טכניון מכון טכנולוגי לישראל
הטכניון מכון טכנולוגי לישראל - בית הספר ללימודי מוסמכים  
Ph.D Thesis
Ph.D StudentBeyar Katz Ofrat
SubjectAnalysis of the Reactive Host in Response to Bortezomib
Therapy on the Outgrowth of Multiple Myeloma
DepartmentDepartment of Medicine
Supervisors Professor Yuval Shaked
Professor Israel Vlodavsky
Full Thesis textFull thesis text - English Version


Abstract

Multiple myeloma (MM) is a chronic progressive malignancy of plasma cells and is

known to be the second most common hematological malignancy. Treatment

frequently involves combination of several agents and autologous transplant if a

patient is eligible for bone marrow transplantation. Although treatment with the

novel proteasome inhibitor, bortezomib, significantly improves patients’ survival,

some patients fail to respond due to the development of de novo resistance. We

have previously shown that cytotoxic drugs can induce pro-tumorigenic host mediated effects which contribute to tumor re-growth and metastasis, and thus limit

the anti-tumor efficacy. There are several mechanisms to explain this regrowth of

tumors, one of which is the presence of enriched population of cancer stem cells

(CSCs), also called tumor initiating cells (TICs). This unique subpopulation of tumor

cells within the tumor microenvironment, has been shown to support tumor regrowth and spread once treatment is ceased. At the center of this thesis, with

respect to MM, the impact of therapy on MM cell aggressiveness has not been

investigated using targeted, cytostatic agents such as bortezomib, and whether such

effects are related to MM TIC enrichment and proliferation.

Here we show that plasma from bortezomib-treated mice significantly increases

migration, viability and proliferation of MM cells in vitro, compared to plasma from

vehicle treated mice. In vivo, bortezomib induces the mobilization of pro-angiogenic

bone marrow cells known to support MM growth. Furthermore, mice treated with

bortezomib and subsequently were used as recipients for an injection of MM cells

succumb to MM aggressive disease earlier than mice treated with the vehicle

control. We show that bortezomib promotes pro-inflammatory macrophages which

account for MM cell aggressiveness. This effect is partially mediated by interleukin-

16. Accordingly, co-inoculation of MM cells with pro-inflammatory macrophages

from bortezomib-treated mice accelerates MM disease progression, and blocking

these macrophage-induced pro-tumorigenic effects resulted in enhanced survival.

To uncover the mechanisms by which macrophages contribute to MM

aggressiveness, we focused on TICs. We found that bortezomib-treated

macrophages enhanced TIC enrichment. This effect was mediated via the secretion

of interleukin-1β (IL-1β) from macrophages obtained from mice treated with

bortezomib. Furthermore, CD47 expression is upregulated on clonogenic myeloma

cells in response to IL-1β and this has been shown by others to induce phagocytic

protection, illustrating the role of immune cells in MM aggressiveness.

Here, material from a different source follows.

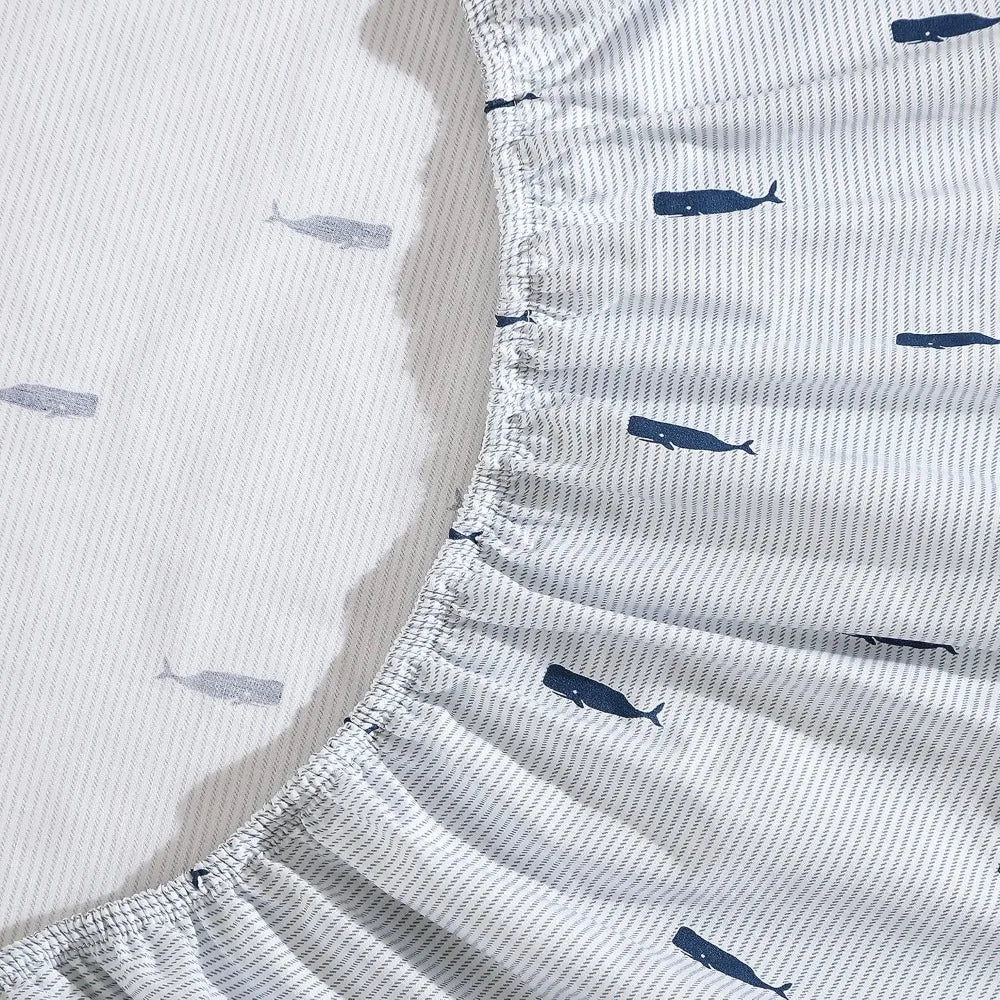 King Size Cooling Sheets Set with Smooth Cotton Percale Feel - Includes Pillowcases & Fitted Sheet in Whale Stripe Blue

We next studied the clinical implications of our mouse findings. We found that in

10/16 MM patients, plasma obtained three days after bortezomib therapy resulted

in increased MM cell viability when compared to plasma at baseline. In addition,

patients who displayed increased percentage of TICs, M1 macrophages and CD47

expression on TICs in the bone marrow after bortezomib therapy had poor prognosis

and reduced survival compared to those who displayed decreased levels of these

parameters.

Taken together, our results suggest that in addition to the known effective antitumor

activity of bortezomib, host-driven pro-tumorigenic effects generated in

response to cytostatic treatment can promote MM aggressiveness, in part via

enrichment of TICs, and contribute to the overall limited efficacy.